Mind-Wander

Automation

Background reasoning agent that autonomously explores open questions using a local LLM (Qwen3.5-9B), a private knowledge graph for dead-end tracking, and Perplexity web search. Fires on a schedule, picks one unresolved question from ON_YOUR_MIND.md, runs sandbox experiments and web searches, and writes findings to MENTAL_EXPLORATION.md only when genuinely novel — mirroring hippocampal background consolidation. Uses a separate FalkorDB 'wander' graph so exploration history never pollutes the primary agent context. Use when: setting up autonomous background research for an OpenClaw agent, exploring research questions without consuming primary LLM token budget, building training data from exploratory reasoning sessions, or tracking dead ends to avoid re-exploration. Triggers on: "mind wander", "background reasoning", "autonomous research", "wander agent", "ON_YOUR_MIND", "MENTAL_EXPLORATION", "dead ends", "explore while I sleep".

Install

openclaw skills install mind-wander

Mind-Wander Skill

Autonomous background reasoning agent. Runs locally on Qwen3.5-9B, consumes zero Anthropic tokens, and elevates findings to your context only when genuinely novel.

How it works

ON_YOUR_MIND.md  →  Qwen3.5 wander agent (every 30min)
  open questions       ↓ tools: query_graph, search_web,
  tangents             ↓         read_file, sandbox_run,
  hypotheses           ↓         check_dead_ends, record_dead_end, elevate()
                       ↓
              novelty gate (strict)
                  ↙         ↘
           MENTAL_EXPLORATION.md    DEAD_ENDS.md + wander graph
           (elevated findings)      (closed threads, never in your context)
                  ↓
           memwatchd detects write
                  ↓
           graph-rag memory (your context)

Prerequisites

  • Qwen3.5-9B-Q8 pulled to Ollama: ollama pull qwen3.5-wander-q8 (or use install script)
  • FalkorDB running (shared with graph-rag-memory skill if installed)
  • Perplexity API key (optional but recommended for web search)
  • graph-rag-memory skill installed (recommended — shares FalkorDB and Ollama)

Quick start

# Install and set up
bash mind-wander/scripts/install.sh

# Write your first open question
echo "## What is the best approach to X?" >> ON_YOUR_MIND.md

# Run manually
python3 mind-wander/run.py --verbose

# Check findings
cat MENTAL_EXPLORATION.md
cat DEAD_ENDS.md

# Status
python3 mind-wander/run.py --status

The ON_YOUR_MIND.md anchor file

Create ON_YOUR_MIND.md in your workspace root with questions and tangents. The agent picks ONE per session.
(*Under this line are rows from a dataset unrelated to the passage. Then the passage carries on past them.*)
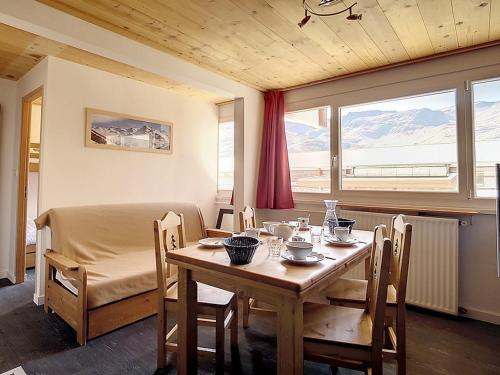 une salle à manger avec une table et des chaises et une fenêtre dans l'établissement Appartement rénové · Départ et retour ski aux pieds · 6 pers · Quartier La Croisette - FR-1-344-847, aux Menuires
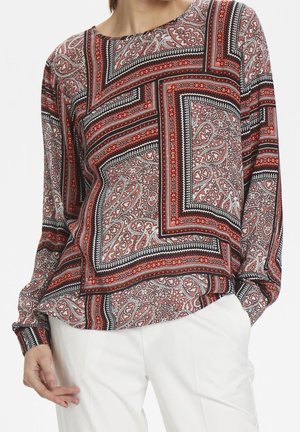 Femme portant un haut à manches longues avec des motifs géométriques et cachemire rouges, noirs et blancs, associé à un pantalon blanc.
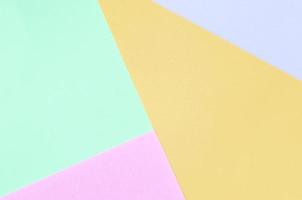 Texture background of fashion pastel colors. Pink, violet, orange and blue geometric pattern papers. photo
Format freely — the agent reads it as-is.

# On My Mind

## Open Questions
- Does X actually work better than Y in production?
- Is there a paper on Z that I haven't found yet?

## Tangents
- The implementation of A might connect to B in an interesting way

Mark completed items with ## ✅ COMPLETED so the agent skips them.

The novelty gate

  • Restatement of known facts → discarded, nothing written
  • New external finding intersecting open question → elevate()
  • Empirical sandbox result that changes understanding → elevate()
  • Definitively closed thread (≥2 targeted searches) → record_dead_end()

Tools available to the wander agent

ToolDescription
query_graphSearch primary FalkorDB graph for related facts
search_webPerplexity AI web search
read_fileRead workspace .md files
list_filesList workspace .md files
sandbox_runRun Python snippets (numpy/scipy, no network, 30s limit)
check_dead_endsCheck wander graph for previously closed threads
record_dead_endRecord a closed thread (lower bar than elevate)
elevateWrite finding to MENTAL_EXPLORATION.md (strict gate)

Configuration

Edit mind-wander/mind_wander_config.py:

WANDER_MODEL    = "qwen3.5-wander-q8"   # or q4 for lighter
WANDER_OLLAMA   = "http://172.18.0.1:11436"
MAX_TOOL_CALLS  = 20
COOLDOWN_HOURS  = 3   # min hours before revisiting same anchor item

Output files

FileContentsIn graph-rag?
MENTAL_EXPLORATION.mdElevated findings✅ via memwatchd
DEAD_ENDS.mdClosed threads summary❌ never
completions/wander/Full session JSON❌ training data only

Research context

This skill produced the first novel finding in its 10-minute test run: "Cross-space routing (routing in nomic-space, retrieving in arctic/bge-m3 space) matches same-space baseline accuracy — suggesting domain routing is robust to embedding space discontinuities." See NOVELTY_LOG.md for tracked findings.

See references/research.md for theoretical foundations and references/setup.md for detailed installation instructions.